The Lynx M20 Pro lists at $61,200 through DEEP Robotics US; the standard M20 has been reported at roughly $18,000 entry pricing, carrying forward the previous Lynx generation’s positioning. IP66 protection and a -20°C to 55°C operating range mean this is a robot the customer can leave on a construction site through a wet winter, not a robot they bring out for a controlled demo.

What this displaces

Heavy material handling on uneven terrain is a category that’s been mostly out of reach for prior automation. Construction sites, mining sites, oil and gas well pads, and utility line corridors all have terrain that defeats wheeled AMRs and payload requirements that defeat pure quadrupeds. The human worker who currently does this job — porter, line-side helper, material handler — is typically lower-paid and exposed to physical injury risk, which is exactly the profile where the math on robot substitution works fastest.

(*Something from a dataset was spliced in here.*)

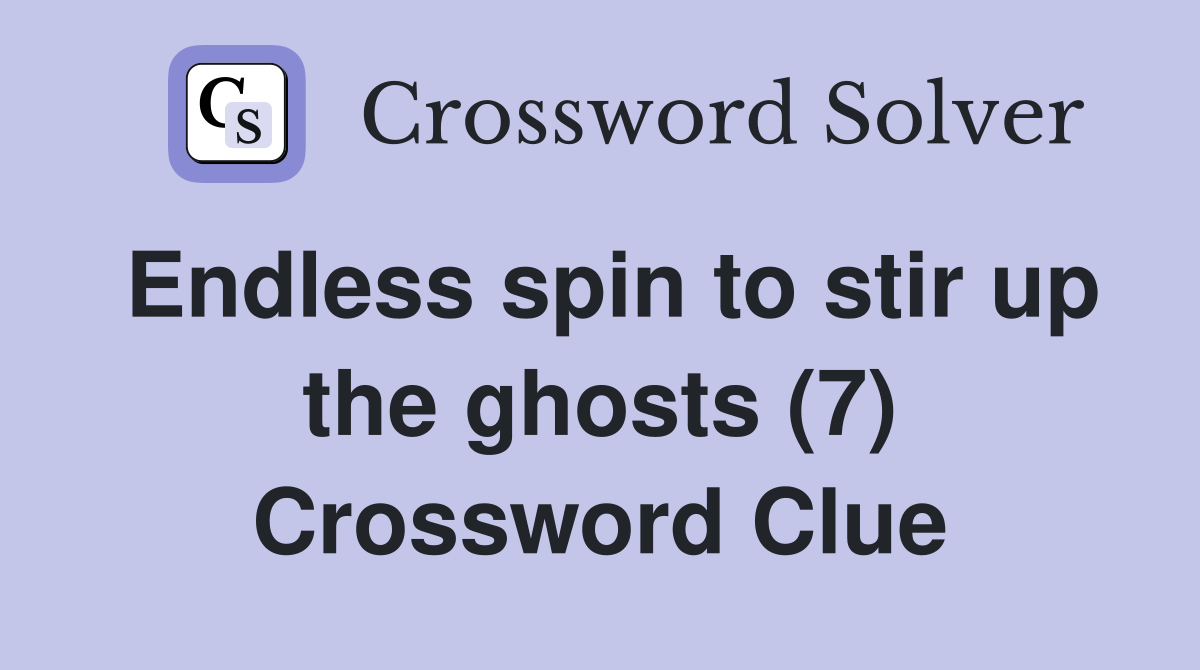Endless spin to stir up the ghosts (7) Crossword Clue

The 15 kg rated payload is the number that matters for displacement framing. A rebar bundle, a tool kit, a surveying instrument case, a battery pack for a portable lighting tower — these are the loads that today move at the human-porter pace on a site. Once an M20 can do an out-and-back on the same route, the porter role compresses to a supervisor of two-to-four M20 units.

Why we care for LostJobs

If you do site material handling in construction, mining, utility maintenance, or heavy industrial logistics — and especially if you work for a contractor that already has a fleet management team for site vehicles — the Lynx M20 is the early-warning signal. The displacement here doesn’t look like a one-for-one robot-replaces-worker swap. It looks like a fleet ratio change: the four porters become one M20 supervisor plus three M20 units, and the construction labor budget shifts from variable head count to fixed capital.

The exposed roles are the lower-skilled tier of physical site work — porter, helper, runner, junior material handler. The skilled trades themselves (electrician, welder, finisher) are not in the M20’s threat envelope yet. The question to watch over the next 18 months is whether large Chinese construction conglomerates pilot this at scale; if they do, the playbook propagates to global contractors quickly.